Chopper deitou-se na grama, rindo e se preparando. Jinbe, com toda a sua massa e imponência, sentou-se lentamente sobre o pequeno amigo. Desta vez, Chopper não soltou nenhum som abafado. Ele simplesmente fechou os olhos, sentiu o calor do sol e o peso reconfortante do seu "pai azul".
— E então? — perguntou Jinbe, após alguns minutos de silêncio. — Como está o peso hoje?
— Está leve — respondeu Chopper, com uma voz cheia de paz. — Está tão leve quanto uma pluma.
Luffy, observando a cena de longe, balançou a cabeça e sorriu, voltando a pescar. No Thousand Sunny, cada um tinha sua forma de encontrar equilíbrio, e para Chopper, o equilíbrio vinha na forma de um gigante azul que, por mais pesado que fosse, sempre sabia como fazê-lo sentir que podia carregar o mundo inteiro nas costas.

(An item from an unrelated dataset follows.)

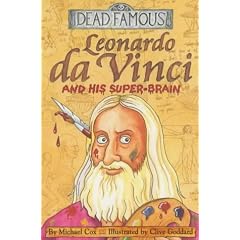 Leonardo da Vinci and his Super-brain (Dead Famous)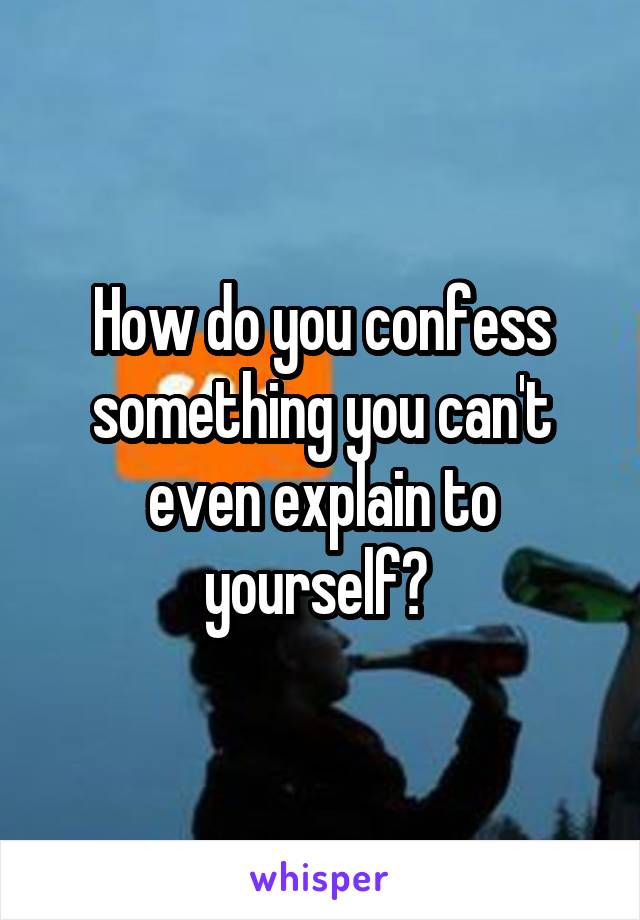 How do you confess something you can't even explain to yourself?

A tarde terminou com os dois ainda ali, compartilhando o silêncio e o peso, uma âncora e seu navio, unidos por um laço que nem a maior das tempestades da Grand Line seria capaz de romper. Chopper aprendeu que a disciplina de Jinbe não era apenas sobre castigo ou regras; era sobre amor, presença e a segurança de saber que, não importa o quão pequeno ele fosse, ele sempre teria um lugar seguro sob a proteção — e o peso — de quem ele mais amava.